A Bouquet For The Crew- The Wreaking Crew- A Documentary

From The Pen Of Frank Jackman




The Wreaking Crew, starring first-rate sessions and studio musicians from the classic age of rock and roll (2008) 

Everybody, everybody from the generation of ’68 who came of musical age in the 1950s with the fresh breeze of rock and roll and its iconic figures like Elvis, Jerry Lee, Chuck, Bo, Buddy, Wanda, Carl, Bill and later in the classic age the Beach Boys, Association, Sonny and Cher, and a ton of girl groups like the Ronettes, the Shirelles and Martha and the Vandella to not even come close to exhausting the list knows that those guys got us jumping, got girls going crazy throwing  every kind of object their way, including some unmentionables, and guys, guys like me, went crazy trying to look like Elvis with longer sideburns, swiveling hips (mind are still not right to this day trying to make that move he had that sent the girls into spasms), and snarl that every girl knew she could wipe off his face if she just had a minute with him, like Bill with his curlicue curl of hair and knowing smile, like Buddy hair’s too, tried to emulate Chuck’s duck walk and get nothing but a sore back for the efforts just so those girls who were throwing themselves with abandon to those faraway heroes would throw something our way.      

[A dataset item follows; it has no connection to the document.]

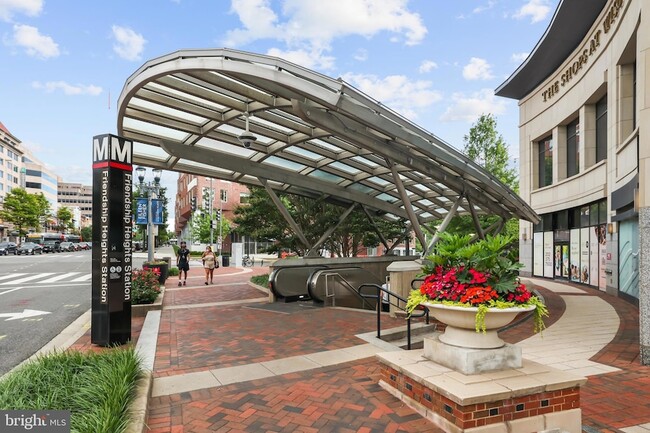 Building Photo - 4817 Chevy Chase Blvd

That’s the easy part, the upfront part of the saga of music of the baby-boomer now AARP-worthy crowd. What we have with the documentary under review, Dennis Tedesco’s The Wreaking Crew, dedicated to his late father who was one of the members is the back story of how rock and roll records, 45 RPM at first then albums, a lot of them got the great sounds that came out of that work. Now there are disputes, internal to the group and otherwise as we find out in the film, about the real name tagged onto the group of seasoned session and studio musicians who made the difference in the sound of rock and roll, especially that rock and roll sound after the likes of Sun Records were eclipsed by the bigger companies out on the West Coast. What is not in dispute is that this relatively small cohort of men and one woman (Carol Kaye) played in back of some of the greatest hits of the era. Made a difference in the sound with their expertise and ability to play and improvise everything before them from pop classics to commercials (hey they had to make a living too besides create great rock sounds since they were in back not the front).       

This documentary, as with all such efforts, is consciously designed to feature the “talking heads” of whoever in the early 2000s was still around to tell the tale of how West Coast musicians came to the rescue of many a record producer who were looking for help. It is also a story about how each featured musician came to the group and in some cases what happened after the music died. Well, not so much that the music died but that later on guys like Bob Dylan and groups like the Stones and Beatles were their own singer-songwriters and had enough professional competence to do the studio sessions themselves. Or thought they did.  For a look at a piece of rock history, real rock history since most of the crew  were individually or collectively induced into the Rock and Roll Hall of Fame check this one out.